Oude Testament

Nieuwe Testament

Nehemia 3:1-13 NBG-vertaling 1951 (NBG51)

1. Toen maakte de hogepriester Eljasib zich gereed met zijn broeders, de priesters, en zij herbouwden de Schaapspoort. Zij heiligden haar en brachten de deuren aan; zij heiligden haar, en daarnevens de Meatoren en de Chananeltoren.

2. Daarnaast bouwden de mannen van Jericho; daarnaast bouwde Zakkur, de zoon van Imri.

3. De zonen van Senaä herbouwden de Vispoort; zij voorzagen haar van een zoldering en brachten de deuren, sluitbalken en grendels aan.

4. Daarnaast was bezig met het herstellingswerk Meremot, de zoon van Uria, de zoon van Hakkos. Daarnaast was bezig Mesullam, de zoon van Berekja, de zoon van Mesezabel. Daarnaast was bezig Sadok, de zoon van Baäna.

5. Daarnaast waren bezig de Tekoïeten, maar de aanzienlijken onder hen wilden hun schouders niet zetten onder het werk van hun heer.

6. De Oude Poort herstelden Jojada, de zoon van Paseach, en Mesullam, de zoon van Besodja. Zij voorzagen haar van een zoldering en brachten de deuren, sluitbalken en grendels aan.

7. Daarnaast waren bezig de Gibeoniet Melatja en de Meronotiet Jadon, de mannen van Gibeon en van Mispa, die stonden onder het gezag van de landvoogd van het gebied over de Rivier.

8. Daarnaast was bezig Uzziël, de zoon van Charhaja, een van de goudsmeden. Daarnaast was bezig Chananja, een zalfbereider; en zij behoefden aan Jeruzalem bij de brede muur niets te doen.

9. Daarnaast was bezig Refaja, de zoon van Chur, de overste van de ene helft van het district Jeruzalem.

10. Daarnaast was bezig Jedaja, de zoon van Charumaf, en wel tegenover zijn eigen huis. Daarnaast was bezig Chattus, de zoon van Chasabneja.

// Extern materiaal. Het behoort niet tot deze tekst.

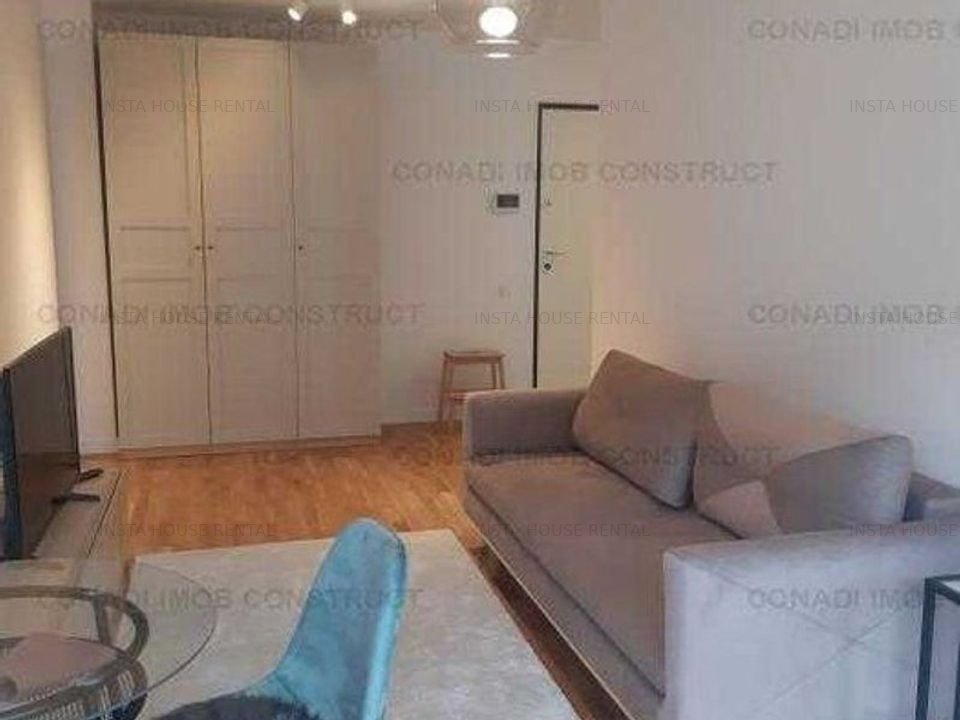 Apartament 2 camere lux Arcadia Apartaments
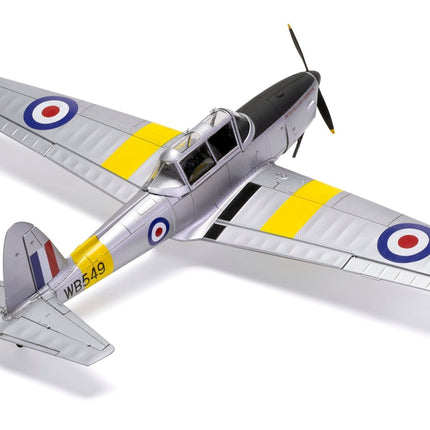 de Havilland Chipmunk T.10 - Airfix - A04105 (8)
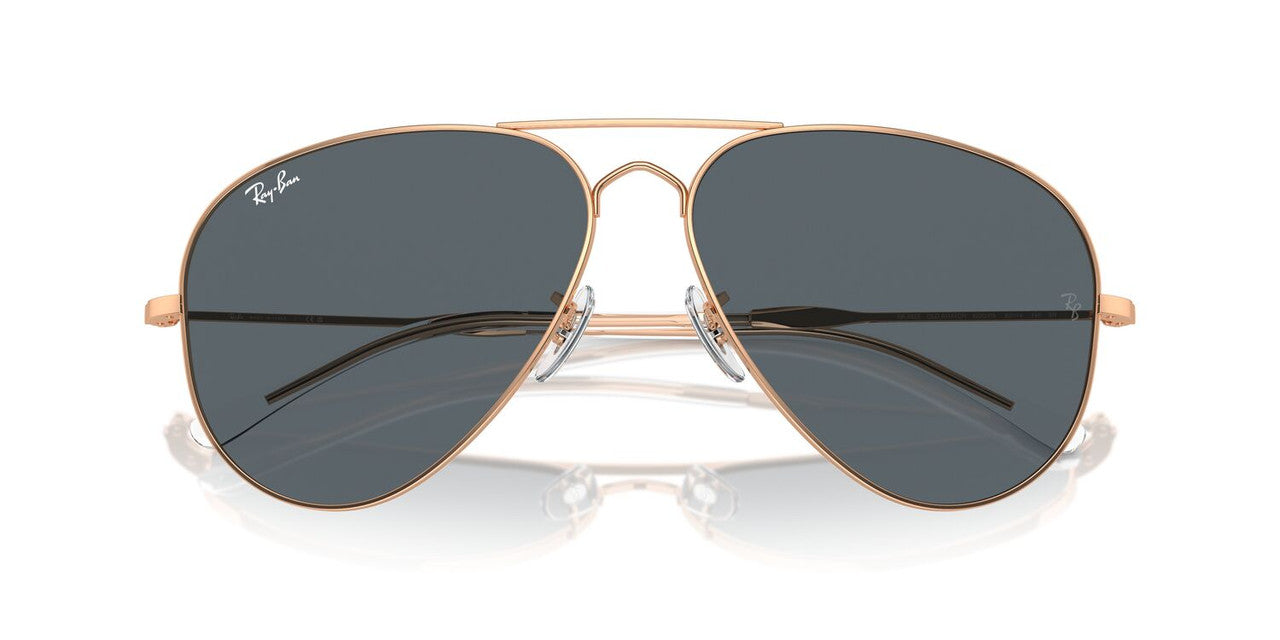 Gafas de Sol Ray-Ban RB3825 Unisex Color Rosa
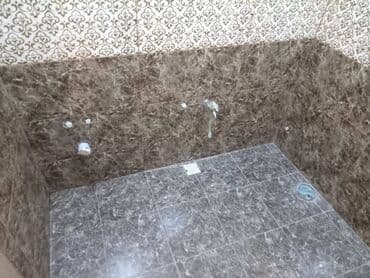 yeni günəşlidə kirayə ev: 2 otaqlı, Yeni tikili, 74 kv. m — 11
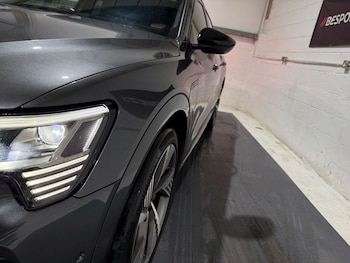 Used Audi e-tron 2021 for sale - 76830099: Photo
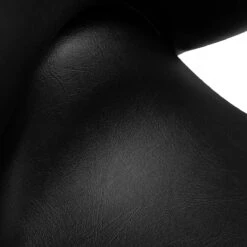 Gabbiano Cosmetic Stool Q-4599G Black(Gabbiano Cosmetic Stool Q 4599g Black) -Roxie Cosmetics Shop 150179 07 1012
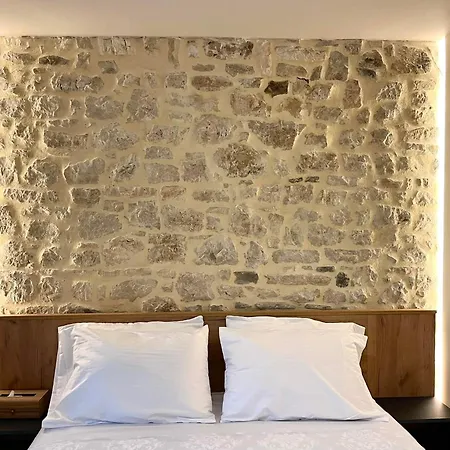 Agora Premium Apartments Ioannina Exterior photo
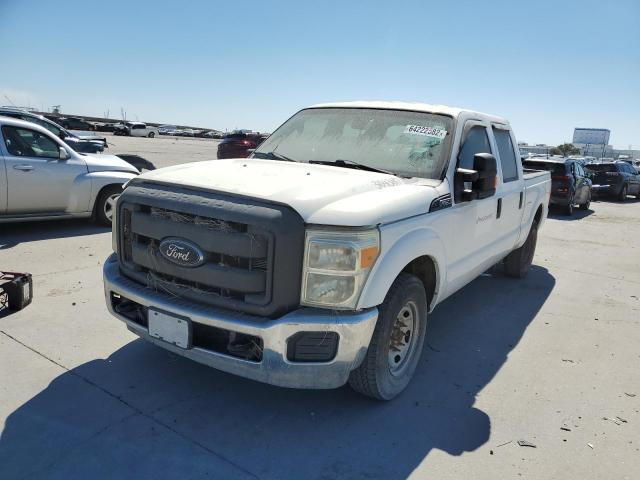 Photo 1 VIN: 1FT7W2A63CEC24088 - FORD F250 SUPER 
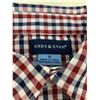 Image 4 : NEW Andy & Evans Boys 3 Pce Pants, shirt & Vest size 5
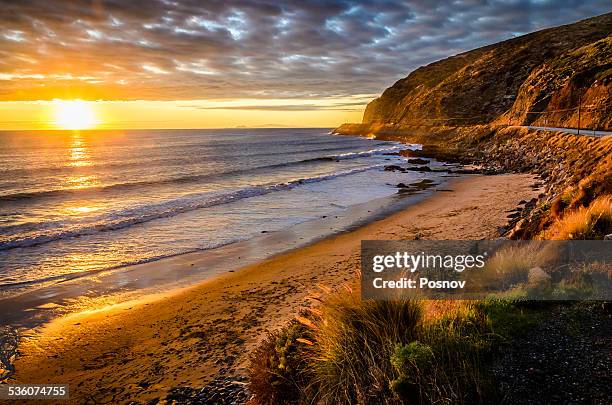 point mugu - ventura county bildbanksfoton och bilder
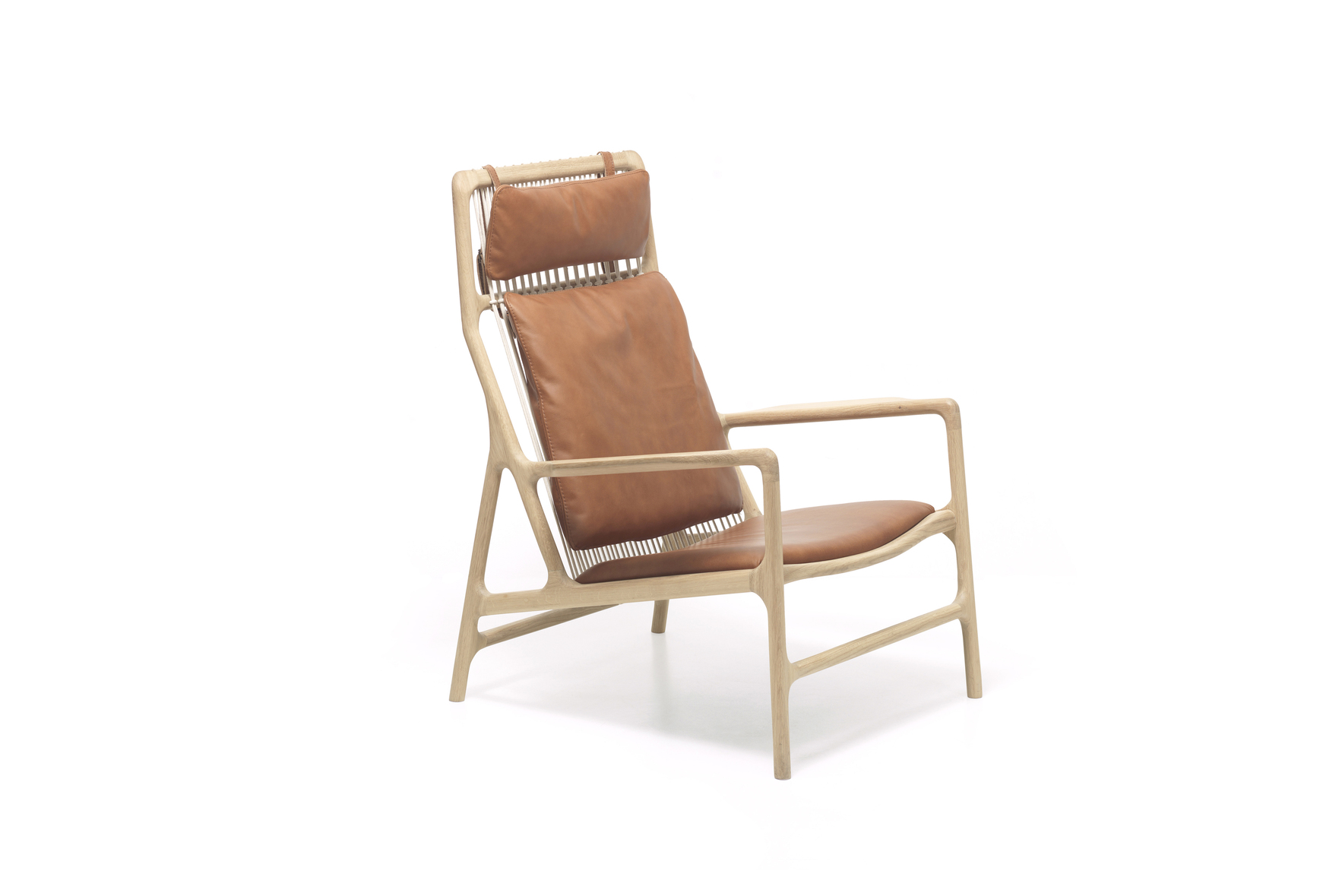 Gazzda Design Lounge Sessel Dedo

11. Een tweede stuk herstelden Malkia, de zoon van Charim, en Chassub, de zoon van Pachat-Moab; ook (herstelden zij) de Bakoventoren.

12. Daarnaast was bezig Sallum, de zoon van Halloches, de overste van de andere helft van het district Jeruzalem, hij en zijn dochters.

13. De Dalpoort herstelden Chanun en de inwoners van Zanoach; zij herbouwden haar en brachten de deuren, sluitbalken en grendels aan; bovendien (herbouwden zij) duizend el van de muur tot aan de Aspoort.